Это свойство библейской речи сливать идею с ее представителями касается не только двух противоположных царств; оно присуще и другим предметам, раскрываемым в Библии. Четвертое правило Тихония — de specie et genere — имеет в виду явления подобного же рода, так что два изложенных правила в него входят как части. Наиболее частое применение это правило получает при истолковании пророчеств о будущей судьбе Израиля. Если речи пророков принимать в прямом смысле, то они окажутся несообразны с историей: каким образом Соломону предсказано в 71-м псалме вечное царство? О каком воскресающем Пастыре — Давиде пророчествует Иезекииль в 37-й главе? Очевидно, речи пророков переходят от изображения судеб израильского народного царства к описанию всемирного царства Божиего и истинного Его Царя, воцаряющегося на престол Давидов во веки. Царство израильское, Давид и Соломон суть лишь частные проявления, отдельные виды вечного и всемирного царства Божиего, и то лишь по некоторым чертам их нравственного облика. Придавая им новые черты истинного царства Божиего, Писание предъявляет примеры слитной речи о виде и роде. Разумеется, что в толковании притчей Евангельских это правило применяется всеми.
Но если Писание сливает два предмета, имеющие одинаковое нравственное значение в жизни, как бы в один и тот же, то оно раздвояет такой предмет, который может иметь двоякий нравственный характер. Таково именно общество верующих, и раздвоенная о них речь Библии разъясняется во втором правиле Тихония: de Domini corpore bipartito (‘о двучастном теле Господа’ — Ред.). Посему, если в 48-й главе Исайи Израилю предсказаны и благословения, и проклятия, то здесь не нужно разуметь двух различных эпох народной жизни: предмет речи один и тот же, но раздвоенный на правую и левую часть: добрым чадам Церкви благословение, а злым — прещение. Таково же предсказание великого пророка о двоякой судьбе Иерусалима в главе 33-й.

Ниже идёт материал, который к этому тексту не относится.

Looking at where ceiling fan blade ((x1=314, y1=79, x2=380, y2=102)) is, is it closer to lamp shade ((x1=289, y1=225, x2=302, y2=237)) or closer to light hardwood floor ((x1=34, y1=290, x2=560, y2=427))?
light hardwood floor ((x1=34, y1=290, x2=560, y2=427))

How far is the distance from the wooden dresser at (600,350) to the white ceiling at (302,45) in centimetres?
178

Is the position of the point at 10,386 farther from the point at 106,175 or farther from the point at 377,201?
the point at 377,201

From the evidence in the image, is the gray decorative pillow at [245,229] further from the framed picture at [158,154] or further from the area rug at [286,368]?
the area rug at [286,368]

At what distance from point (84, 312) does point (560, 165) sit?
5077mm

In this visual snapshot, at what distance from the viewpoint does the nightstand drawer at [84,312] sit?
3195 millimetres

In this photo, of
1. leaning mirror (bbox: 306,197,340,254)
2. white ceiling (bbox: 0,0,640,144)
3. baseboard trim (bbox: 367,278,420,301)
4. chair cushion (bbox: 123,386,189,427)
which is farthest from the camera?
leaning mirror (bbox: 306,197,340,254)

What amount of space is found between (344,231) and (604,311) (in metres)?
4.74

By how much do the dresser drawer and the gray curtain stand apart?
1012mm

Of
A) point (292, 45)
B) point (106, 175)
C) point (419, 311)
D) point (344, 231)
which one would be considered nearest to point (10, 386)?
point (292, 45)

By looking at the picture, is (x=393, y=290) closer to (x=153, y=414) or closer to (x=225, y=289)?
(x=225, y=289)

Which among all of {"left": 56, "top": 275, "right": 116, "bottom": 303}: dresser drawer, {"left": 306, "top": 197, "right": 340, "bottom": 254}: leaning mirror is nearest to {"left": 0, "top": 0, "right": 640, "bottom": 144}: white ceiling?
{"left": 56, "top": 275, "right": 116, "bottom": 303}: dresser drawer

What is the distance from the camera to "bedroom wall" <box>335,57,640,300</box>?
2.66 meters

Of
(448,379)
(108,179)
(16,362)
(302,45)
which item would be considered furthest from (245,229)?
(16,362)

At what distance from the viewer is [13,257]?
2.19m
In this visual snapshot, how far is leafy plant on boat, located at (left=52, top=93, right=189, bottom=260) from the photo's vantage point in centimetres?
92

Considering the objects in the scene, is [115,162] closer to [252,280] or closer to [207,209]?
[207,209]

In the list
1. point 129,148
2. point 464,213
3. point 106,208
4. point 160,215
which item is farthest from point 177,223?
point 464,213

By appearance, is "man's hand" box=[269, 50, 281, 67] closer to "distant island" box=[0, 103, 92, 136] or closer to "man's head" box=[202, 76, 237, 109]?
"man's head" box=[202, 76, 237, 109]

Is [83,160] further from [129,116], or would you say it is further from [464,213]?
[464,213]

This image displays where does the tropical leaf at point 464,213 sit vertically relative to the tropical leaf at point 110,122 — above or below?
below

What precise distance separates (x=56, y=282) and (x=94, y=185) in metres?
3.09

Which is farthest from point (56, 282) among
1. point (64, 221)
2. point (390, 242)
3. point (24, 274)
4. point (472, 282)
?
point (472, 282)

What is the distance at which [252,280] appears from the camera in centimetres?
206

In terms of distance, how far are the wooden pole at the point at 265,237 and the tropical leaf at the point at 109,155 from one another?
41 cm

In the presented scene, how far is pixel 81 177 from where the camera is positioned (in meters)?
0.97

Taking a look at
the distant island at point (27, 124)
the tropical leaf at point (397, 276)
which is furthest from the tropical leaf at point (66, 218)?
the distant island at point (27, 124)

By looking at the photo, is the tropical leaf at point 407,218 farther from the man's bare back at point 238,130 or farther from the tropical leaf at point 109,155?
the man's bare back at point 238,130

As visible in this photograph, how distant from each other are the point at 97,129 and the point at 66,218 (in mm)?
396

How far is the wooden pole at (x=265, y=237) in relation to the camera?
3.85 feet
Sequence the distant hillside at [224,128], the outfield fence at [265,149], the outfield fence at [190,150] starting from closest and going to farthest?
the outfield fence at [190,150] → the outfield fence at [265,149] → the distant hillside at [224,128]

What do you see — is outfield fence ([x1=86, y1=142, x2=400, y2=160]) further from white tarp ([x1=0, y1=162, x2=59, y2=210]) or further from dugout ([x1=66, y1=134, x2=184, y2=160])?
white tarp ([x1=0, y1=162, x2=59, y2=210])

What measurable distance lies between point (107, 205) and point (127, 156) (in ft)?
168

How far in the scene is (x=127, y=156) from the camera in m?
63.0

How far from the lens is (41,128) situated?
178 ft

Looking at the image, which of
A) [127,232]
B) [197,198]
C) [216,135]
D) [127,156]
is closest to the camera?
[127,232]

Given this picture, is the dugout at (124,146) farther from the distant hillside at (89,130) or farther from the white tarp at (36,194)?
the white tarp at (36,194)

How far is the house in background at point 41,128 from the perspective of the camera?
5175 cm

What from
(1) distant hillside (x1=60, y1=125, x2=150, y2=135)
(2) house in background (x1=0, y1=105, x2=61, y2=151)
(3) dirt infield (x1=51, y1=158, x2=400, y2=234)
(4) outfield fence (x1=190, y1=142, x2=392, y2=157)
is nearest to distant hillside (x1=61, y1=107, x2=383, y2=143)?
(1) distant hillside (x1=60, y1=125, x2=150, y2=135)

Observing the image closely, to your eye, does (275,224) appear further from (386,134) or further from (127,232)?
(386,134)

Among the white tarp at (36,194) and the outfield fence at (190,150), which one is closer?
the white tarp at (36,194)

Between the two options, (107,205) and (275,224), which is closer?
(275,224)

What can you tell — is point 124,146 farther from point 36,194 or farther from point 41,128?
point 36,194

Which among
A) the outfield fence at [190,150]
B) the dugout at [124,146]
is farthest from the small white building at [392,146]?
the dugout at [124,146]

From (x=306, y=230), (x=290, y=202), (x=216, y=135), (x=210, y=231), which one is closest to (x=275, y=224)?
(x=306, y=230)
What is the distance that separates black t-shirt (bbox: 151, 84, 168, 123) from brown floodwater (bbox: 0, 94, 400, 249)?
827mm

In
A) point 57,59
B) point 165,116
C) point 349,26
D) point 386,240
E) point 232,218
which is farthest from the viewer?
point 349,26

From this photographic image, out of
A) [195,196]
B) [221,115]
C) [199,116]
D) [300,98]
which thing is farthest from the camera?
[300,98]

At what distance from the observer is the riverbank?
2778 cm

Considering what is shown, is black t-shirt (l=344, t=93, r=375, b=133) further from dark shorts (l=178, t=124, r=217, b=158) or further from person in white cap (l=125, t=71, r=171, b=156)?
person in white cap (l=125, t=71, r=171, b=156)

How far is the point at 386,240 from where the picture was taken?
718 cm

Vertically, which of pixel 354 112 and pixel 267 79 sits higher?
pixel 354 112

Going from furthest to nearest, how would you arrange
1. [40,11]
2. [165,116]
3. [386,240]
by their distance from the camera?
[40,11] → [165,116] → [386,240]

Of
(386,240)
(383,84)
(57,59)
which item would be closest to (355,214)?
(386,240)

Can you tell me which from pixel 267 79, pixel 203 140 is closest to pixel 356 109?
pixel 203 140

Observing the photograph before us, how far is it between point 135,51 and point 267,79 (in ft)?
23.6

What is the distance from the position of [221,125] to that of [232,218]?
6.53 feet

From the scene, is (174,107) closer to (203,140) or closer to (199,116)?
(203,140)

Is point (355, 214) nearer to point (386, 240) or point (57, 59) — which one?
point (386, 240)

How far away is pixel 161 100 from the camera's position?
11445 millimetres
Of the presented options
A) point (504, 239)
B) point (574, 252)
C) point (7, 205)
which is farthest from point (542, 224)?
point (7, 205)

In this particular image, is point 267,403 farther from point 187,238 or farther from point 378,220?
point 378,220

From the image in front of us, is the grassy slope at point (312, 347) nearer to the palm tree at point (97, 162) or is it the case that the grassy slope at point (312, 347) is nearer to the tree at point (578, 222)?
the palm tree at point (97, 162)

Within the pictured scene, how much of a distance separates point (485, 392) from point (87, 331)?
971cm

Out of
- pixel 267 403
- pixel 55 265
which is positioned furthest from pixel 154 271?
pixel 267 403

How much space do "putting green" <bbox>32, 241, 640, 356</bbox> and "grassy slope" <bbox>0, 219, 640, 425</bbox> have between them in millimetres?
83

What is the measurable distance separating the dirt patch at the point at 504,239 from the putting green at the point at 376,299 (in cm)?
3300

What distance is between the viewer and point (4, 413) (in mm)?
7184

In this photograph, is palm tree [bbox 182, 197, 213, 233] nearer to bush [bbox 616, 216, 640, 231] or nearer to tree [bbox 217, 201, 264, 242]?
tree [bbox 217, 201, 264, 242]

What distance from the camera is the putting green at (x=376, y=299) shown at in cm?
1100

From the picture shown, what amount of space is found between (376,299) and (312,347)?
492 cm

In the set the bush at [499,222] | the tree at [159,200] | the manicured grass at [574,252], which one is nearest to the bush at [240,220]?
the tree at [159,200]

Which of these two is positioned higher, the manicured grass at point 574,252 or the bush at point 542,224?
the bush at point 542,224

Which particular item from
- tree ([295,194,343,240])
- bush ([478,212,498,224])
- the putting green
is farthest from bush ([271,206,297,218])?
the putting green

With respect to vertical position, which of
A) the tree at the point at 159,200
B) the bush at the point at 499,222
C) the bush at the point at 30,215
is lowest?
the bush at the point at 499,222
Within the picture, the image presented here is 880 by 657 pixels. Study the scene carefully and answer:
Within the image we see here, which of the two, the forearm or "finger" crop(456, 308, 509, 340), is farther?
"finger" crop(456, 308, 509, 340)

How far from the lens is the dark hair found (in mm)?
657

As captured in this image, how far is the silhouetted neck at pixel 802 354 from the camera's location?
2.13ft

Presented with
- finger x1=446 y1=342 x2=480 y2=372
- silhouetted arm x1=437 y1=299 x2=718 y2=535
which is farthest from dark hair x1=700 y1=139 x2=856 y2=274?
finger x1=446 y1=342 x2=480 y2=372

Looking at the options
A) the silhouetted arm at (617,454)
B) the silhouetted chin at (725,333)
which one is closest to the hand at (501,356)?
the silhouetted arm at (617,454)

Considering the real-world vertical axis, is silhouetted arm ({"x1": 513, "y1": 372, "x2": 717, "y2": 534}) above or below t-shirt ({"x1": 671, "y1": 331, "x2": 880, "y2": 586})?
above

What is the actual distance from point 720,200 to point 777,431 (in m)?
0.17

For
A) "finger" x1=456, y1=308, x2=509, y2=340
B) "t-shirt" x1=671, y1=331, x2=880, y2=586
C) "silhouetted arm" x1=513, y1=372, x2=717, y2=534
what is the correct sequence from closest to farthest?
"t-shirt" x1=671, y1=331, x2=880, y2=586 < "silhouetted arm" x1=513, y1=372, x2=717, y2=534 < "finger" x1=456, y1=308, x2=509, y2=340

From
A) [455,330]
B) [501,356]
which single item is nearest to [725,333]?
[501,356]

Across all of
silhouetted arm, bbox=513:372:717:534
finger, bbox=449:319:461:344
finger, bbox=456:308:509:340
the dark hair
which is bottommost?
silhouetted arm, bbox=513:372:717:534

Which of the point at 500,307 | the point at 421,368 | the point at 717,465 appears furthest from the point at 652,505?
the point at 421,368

Впрочем, разнородность содержания какого-либо предмета или события может и не доходить до качественной противоположности составляющих его элементов: иногда Откровение имеет в виду оттенить лишь различные стороны одного и того же явления или события. В таком случае оно не стесняется излагать самое событие несколько раз подряд, придавая ему каждый раз новое освещение, каждый раз извлекая из него новые нравственные идеи. Шестое правило Тихония: de recapitulatione, или о повторениях, предостерегает читателя от предположения новых предметов и событий, когда речь о них воспроизводится по нескольку раз: это один и тот же предмет освещается с разных точек зрения. Напротив, иногда события, разнородные по времени, объединяются по сходству своего нравственного характера. Это-то свойство Божественной речи дозволяет Христу соединять учение о втором пришествии с погибелью Содома и жены Лотовой, а апостолу Иоанну — последнего антихриста с современными ему еретиками. Напротив, различные, последовательно раскрываемые картины Апокалипсиса, по Тихонию, не следует считать за описание отдельных грядущих событий: одни и те же представляются в нескольких картинах по различным точкам зрения.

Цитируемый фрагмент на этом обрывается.